Extracted information
- - -
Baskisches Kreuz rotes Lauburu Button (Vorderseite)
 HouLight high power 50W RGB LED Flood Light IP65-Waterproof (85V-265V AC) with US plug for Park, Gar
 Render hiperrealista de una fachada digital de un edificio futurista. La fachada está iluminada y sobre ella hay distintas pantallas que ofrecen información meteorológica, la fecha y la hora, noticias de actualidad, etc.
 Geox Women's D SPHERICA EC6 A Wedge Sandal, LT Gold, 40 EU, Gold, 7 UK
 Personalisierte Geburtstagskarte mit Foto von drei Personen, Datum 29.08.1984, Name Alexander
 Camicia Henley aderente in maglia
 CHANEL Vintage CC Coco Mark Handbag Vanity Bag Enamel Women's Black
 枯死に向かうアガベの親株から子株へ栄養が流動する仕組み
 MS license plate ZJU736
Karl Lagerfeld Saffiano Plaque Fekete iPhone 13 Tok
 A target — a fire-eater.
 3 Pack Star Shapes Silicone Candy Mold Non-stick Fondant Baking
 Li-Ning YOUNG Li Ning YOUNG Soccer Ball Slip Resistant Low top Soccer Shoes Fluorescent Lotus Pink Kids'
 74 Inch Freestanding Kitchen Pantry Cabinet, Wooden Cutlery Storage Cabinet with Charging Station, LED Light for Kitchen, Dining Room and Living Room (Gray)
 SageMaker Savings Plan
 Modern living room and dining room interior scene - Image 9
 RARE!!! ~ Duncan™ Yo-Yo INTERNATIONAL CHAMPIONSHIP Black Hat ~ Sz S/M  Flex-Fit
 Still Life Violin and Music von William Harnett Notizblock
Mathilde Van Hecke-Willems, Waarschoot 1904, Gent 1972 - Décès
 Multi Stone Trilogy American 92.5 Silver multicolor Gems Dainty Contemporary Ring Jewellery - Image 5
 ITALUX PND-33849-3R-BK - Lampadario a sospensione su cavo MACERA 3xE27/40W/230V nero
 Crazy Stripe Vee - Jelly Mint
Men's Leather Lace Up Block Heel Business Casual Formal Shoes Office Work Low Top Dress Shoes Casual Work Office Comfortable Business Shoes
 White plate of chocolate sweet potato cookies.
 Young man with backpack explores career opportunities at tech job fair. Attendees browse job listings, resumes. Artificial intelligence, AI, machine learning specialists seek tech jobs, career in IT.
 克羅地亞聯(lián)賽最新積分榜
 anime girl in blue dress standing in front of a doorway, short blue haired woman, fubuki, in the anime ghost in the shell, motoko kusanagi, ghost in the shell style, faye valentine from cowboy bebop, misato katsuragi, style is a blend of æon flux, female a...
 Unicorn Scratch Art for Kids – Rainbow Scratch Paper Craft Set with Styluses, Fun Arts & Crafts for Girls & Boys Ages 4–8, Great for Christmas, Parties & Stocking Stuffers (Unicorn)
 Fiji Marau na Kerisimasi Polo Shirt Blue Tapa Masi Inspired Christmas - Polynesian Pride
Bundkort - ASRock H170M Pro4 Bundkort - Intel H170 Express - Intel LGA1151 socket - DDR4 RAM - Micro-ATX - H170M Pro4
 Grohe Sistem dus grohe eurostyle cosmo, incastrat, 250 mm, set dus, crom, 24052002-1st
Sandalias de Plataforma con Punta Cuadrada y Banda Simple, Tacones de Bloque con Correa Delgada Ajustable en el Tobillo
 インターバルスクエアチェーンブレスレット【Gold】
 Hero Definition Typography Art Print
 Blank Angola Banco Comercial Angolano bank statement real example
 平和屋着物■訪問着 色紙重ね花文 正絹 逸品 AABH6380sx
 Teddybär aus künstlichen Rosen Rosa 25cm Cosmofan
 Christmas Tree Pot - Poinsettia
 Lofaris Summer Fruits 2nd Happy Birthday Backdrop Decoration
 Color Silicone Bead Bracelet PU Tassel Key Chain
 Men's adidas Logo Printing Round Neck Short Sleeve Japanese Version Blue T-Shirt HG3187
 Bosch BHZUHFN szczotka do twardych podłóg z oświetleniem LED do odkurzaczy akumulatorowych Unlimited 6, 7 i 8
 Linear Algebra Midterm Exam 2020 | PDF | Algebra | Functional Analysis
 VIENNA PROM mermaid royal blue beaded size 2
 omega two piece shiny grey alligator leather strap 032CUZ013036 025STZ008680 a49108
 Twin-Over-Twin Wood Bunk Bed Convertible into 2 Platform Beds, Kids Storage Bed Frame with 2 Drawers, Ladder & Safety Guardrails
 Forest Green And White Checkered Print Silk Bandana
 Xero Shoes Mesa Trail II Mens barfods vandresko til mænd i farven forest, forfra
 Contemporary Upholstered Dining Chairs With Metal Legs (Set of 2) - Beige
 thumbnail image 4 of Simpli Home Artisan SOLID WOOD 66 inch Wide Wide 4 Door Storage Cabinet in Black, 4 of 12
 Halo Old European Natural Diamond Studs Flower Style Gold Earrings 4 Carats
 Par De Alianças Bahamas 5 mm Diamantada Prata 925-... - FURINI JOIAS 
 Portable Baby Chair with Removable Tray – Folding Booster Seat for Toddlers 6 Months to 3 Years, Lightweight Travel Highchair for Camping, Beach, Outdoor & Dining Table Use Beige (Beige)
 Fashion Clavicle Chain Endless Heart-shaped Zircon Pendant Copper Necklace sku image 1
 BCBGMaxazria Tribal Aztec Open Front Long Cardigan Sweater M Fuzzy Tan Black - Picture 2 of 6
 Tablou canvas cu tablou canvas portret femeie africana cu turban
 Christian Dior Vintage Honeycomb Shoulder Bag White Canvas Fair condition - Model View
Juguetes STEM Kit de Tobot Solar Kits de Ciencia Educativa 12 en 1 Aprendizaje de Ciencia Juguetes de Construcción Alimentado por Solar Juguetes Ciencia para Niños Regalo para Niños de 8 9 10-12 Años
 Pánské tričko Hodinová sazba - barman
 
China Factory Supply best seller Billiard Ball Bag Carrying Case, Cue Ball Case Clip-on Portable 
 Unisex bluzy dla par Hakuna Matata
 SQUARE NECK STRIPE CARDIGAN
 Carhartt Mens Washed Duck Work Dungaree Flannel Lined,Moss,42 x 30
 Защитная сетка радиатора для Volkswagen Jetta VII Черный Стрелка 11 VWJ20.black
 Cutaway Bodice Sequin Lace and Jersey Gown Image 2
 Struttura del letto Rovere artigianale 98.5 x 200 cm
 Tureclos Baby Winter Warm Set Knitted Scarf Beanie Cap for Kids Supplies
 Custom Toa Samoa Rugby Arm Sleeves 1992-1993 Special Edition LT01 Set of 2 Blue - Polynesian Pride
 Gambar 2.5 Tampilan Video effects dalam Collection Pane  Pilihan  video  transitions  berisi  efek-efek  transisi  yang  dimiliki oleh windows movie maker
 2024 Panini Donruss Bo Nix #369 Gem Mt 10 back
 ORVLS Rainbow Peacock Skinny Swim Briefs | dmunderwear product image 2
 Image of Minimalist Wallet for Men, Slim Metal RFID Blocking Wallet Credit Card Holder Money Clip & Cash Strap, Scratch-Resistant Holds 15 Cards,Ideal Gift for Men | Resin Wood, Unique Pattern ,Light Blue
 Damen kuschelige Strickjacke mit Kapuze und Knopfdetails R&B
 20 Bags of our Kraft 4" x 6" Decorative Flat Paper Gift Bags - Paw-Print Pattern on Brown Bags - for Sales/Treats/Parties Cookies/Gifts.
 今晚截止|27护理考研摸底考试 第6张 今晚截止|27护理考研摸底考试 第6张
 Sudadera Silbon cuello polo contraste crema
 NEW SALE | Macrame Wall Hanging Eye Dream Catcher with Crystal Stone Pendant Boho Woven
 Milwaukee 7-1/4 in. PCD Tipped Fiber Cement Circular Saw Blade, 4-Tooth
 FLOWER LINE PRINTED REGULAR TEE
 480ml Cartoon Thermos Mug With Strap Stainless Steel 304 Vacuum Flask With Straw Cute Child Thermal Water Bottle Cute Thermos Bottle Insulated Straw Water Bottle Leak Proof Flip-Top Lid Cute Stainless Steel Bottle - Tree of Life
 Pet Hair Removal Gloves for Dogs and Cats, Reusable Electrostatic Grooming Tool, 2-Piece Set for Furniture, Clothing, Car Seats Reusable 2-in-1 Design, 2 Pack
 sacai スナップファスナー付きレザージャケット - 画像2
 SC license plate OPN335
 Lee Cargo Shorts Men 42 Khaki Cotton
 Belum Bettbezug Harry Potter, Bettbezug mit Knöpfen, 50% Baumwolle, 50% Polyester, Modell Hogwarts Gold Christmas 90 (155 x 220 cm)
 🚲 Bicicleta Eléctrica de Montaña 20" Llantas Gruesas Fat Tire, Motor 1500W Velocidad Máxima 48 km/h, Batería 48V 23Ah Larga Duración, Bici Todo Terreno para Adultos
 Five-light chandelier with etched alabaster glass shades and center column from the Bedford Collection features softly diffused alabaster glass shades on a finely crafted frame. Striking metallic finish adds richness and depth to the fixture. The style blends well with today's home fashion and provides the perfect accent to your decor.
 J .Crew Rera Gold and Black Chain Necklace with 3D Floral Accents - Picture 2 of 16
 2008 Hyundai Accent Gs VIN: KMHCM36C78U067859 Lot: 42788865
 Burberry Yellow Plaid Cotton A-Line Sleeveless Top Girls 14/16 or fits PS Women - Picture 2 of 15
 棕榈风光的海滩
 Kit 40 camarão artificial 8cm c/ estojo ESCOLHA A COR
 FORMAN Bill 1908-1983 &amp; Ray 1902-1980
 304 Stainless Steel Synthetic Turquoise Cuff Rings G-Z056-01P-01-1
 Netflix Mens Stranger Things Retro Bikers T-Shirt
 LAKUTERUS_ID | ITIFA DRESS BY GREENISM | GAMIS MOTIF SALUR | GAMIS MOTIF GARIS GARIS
- - -
What is being asked
The response should hold exactly the lines starting at the line with "Juguetes STEM Kit" and ending at the line with "Cutaway Bodice Sequin", and no other line of the material above.

Worked solution
Juguetes STEM Kit de Tobot Solar Kits de Ciencia Educativa 12 en 1 Aprendizaje de Ciencia Juguetes de Construcción Alimentado por Solar Juguetes Ciencia para Niños Regalo para Niños de 8 9 10-12 Años
 Pánské tričko Hodinová sazba - barman
 
China Factory Supply best seller Billiard Ball Bag Carrying Case, Cue Ball Case Clip-on Portable 
 Unisex bluzy dla par Hakuna Matata
 SQUARE NECK STRIPE CARDIGAN
 Carhartt Mens Washed Duck Work Dungaree Flannel Lined,Moss,42 x 30
 Защитная сетка радиатора для Volkswagen Jetta VII Черный Стрелка 11 VWJ20.black
 Cutaway Bodice Sequin Lace and Jersey Gown Image 2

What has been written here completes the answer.